Over the years, many of those young people responded to the appeal at the end of the service and walked forward to indicate that they were giving their lives to Jesus and would like to be baptised. One of those young people was my friend, Don Campbell, who emigrated to Australia and, when I last heard from him two or three years ago, he was still attending a Baptist church over there.
Apart from the Bible Class I attended on Sunday afternoons, I also went to the Boys’ Brigade Bible Class every Sunday morning. The Boys’ Brigade was found by Sir William Smith in 1886. If I remember it correctly, its purpose was:
The advancement of Christ’s kingdom among boys, and the promotion of habits of obedience, reverence, discipline, self-respect, and all that tends towards a true Christian manliness.
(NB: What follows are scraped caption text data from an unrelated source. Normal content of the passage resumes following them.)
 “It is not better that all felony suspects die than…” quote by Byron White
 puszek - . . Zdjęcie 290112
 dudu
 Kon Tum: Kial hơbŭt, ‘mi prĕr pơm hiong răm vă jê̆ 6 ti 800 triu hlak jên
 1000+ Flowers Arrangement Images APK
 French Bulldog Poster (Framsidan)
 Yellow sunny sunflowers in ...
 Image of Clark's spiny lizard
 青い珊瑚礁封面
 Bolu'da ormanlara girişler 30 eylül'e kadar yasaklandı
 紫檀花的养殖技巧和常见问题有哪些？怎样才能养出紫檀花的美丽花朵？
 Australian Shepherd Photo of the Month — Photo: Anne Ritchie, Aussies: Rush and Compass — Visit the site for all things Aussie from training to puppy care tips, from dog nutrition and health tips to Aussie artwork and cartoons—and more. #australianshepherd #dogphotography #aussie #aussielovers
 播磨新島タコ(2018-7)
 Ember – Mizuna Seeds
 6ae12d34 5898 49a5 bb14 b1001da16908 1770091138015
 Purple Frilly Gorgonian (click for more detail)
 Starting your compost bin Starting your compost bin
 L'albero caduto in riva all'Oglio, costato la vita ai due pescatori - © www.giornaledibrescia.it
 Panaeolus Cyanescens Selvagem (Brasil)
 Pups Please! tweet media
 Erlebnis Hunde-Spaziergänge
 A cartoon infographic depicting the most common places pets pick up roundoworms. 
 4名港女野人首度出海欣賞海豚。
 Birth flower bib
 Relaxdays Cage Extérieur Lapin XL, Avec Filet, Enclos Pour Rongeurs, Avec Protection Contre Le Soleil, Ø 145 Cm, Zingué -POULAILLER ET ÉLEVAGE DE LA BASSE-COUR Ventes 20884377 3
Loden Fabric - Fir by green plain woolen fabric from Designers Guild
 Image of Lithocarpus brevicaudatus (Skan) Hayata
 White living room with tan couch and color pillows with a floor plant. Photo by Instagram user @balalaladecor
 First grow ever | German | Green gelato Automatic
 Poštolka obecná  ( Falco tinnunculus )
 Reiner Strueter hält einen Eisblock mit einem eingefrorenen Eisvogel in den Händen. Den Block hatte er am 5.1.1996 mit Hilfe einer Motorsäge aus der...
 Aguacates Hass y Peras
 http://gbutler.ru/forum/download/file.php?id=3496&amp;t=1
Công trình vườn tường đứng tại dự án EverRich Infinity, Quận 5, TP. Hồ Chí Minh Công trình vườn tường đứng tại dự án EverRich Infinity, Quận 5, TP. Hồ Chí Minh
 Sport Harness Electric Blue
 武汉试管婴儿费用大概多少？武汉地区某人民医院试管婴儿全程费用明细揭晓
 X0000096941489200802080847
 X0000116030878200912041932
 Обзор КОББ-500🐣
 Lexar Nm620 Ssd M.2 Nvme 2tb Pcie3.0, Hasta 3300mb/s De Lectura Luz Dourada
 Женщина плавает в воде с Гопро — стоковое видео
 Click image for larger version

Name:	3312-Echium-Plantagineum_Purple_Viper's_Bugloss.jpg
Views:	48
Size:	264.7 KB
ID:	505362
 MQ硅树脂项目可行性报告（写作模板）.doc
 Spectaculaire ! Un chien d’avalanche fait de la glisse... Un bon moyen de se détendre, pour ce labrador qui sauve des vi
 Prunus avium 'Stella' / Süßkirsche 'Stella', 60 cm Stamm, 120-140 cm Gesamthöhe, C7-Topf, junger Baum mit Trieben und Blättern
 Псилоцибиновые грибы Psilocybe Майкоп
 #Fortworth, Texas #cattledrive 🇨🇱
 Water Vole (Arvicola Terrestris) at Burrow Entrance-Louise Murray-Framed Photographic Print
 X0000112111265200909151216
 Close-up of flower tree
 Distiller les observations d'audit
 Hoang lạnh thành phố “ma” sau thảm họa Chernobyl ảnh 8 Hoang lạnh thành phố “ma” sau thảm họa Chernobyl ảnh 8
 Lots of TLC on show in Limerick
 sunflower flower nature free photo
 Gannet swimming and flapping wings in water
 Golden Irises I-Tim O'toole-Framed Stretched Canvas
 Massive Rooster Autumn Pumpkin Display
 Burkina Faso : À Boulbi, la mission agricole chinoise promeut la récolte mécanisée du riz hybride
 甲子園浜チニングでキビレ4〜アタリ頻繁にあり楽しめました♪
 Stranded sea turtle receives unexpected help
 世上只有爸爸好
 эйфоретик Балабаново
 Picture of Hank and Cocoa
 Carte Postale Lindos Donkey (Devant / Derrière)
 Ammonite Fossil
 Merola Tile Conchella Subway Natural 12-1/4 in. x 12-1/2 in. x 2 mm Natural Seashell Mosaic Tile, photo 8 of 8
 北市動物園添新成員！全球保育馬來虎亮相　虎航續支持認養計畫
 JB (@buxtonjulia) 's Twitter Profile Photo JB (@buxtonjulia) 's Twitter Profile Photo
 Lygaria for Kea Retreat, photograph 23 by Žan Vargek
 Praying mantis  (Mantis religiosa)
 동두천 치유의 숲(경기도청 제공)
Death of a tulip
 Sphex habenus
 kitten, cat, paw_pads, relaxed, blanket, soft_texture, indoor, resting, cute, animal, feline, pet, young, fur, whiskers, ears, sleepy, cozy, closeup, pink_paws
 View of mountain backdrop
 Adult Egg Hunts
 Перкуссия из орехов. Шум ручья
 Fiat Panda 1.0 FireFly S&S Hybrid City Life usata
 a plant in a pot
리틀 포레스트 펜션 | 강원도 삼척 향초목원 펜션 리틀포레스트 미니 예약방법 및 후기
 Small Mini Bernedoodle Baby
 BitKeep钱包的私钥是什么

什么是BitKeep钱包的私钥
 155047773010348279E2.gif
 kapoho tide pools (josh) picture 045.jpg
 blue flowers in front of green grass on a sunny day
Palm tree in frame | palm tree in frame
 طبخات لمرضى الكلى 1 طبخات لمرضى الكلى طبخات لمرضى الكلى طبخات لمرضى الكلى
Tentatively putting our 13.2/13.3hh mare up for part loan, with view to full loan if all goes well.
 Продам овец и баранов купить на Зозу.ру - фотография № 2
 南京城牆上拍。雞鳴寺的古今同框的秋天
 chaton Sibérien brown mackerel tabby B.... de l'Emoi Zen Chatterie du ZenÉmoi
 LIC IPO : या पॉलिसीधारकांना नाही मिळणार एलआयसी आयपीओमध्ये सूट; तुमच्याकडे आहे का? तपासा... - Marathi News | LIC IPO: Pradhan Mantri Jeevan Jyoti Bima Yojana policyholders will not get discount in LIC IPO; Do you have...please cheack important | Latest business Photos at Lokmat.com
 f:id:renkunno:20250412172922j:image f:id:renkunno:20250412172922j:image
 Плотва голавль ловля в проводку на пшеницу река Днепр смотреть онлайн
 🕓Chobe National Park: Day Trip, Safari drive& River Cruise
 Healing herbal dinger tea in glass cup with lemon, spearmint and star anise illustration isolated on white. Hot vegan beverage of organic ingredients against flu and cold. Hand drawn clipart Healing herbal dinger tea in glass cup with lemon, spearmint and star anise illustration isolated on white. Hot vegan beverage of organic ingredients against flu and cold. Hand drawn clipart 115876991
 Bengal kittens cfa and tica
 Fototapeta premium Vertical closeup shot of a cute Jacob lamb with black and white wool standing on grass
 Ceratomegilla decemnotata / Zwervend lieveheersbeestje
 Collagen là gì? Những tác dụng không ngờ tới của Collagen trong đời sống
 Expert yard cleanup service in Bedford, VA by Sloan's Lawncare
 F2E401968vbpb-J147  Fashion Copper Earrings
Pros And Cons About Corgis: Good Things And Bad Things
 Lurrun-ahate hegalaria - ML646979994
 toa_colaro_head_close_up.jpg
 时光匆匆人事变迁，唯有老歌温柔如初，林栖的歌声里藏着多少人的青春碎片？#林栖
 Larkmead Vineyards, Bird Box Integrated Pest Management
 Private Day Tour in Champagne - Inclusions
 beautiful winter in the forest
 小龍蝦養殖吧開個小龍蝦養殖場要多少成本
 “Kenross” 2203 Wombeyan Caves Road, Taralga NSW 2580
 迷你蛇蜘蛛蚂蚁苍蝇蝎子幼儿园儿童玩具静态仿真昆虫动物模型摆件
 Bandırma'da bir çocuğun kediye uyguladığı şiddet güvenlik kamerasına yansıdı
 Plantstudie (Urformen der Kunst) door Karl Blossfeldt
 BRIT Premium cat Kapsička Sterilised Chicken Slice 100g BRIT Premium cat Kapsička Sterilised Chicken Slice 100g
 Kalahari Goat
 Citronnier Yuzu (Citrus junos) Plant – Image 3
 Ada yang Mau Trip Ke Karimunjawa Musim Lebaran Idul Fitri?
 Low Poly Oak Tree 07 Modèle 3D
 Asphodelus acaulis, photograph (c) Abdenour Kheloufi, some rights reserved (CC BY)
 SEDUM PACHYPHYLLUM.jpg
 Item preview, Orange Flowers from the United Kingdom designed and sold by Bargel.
As well as the Sunday morning Bible Class, our company, which was known as the Second Hornchurch Company of the Boys’ Brigade, held two other meetings each week. Tuesday evenings were dedicated to drill practice, where, after we had been inspected to ensure that we were smartly dressed and our uniforms were being worn correctly, we learned how to stand to attention correctly, to salute the Lieutenants and Captain, and to do basic marching manoeuvres both individually and as company.
When I was seventeen and had been promoted to the rank of sergeant I was awarded the N.C.O’s Proficiency Star after demonstrating that I could give the correct commands for the Company to make these manoeuvres on drill parade.
Of course all this was exactly the same kind of thing the other boys at my school were doing in the CCF and I realise that some might see my being in the Boys’ Brigade as quite inconsistent with my refusal to join the CCF on the grounds that I was a conscientious objector. However, unlike the boys in the CCF, in the BB we were not taught to use military weapons.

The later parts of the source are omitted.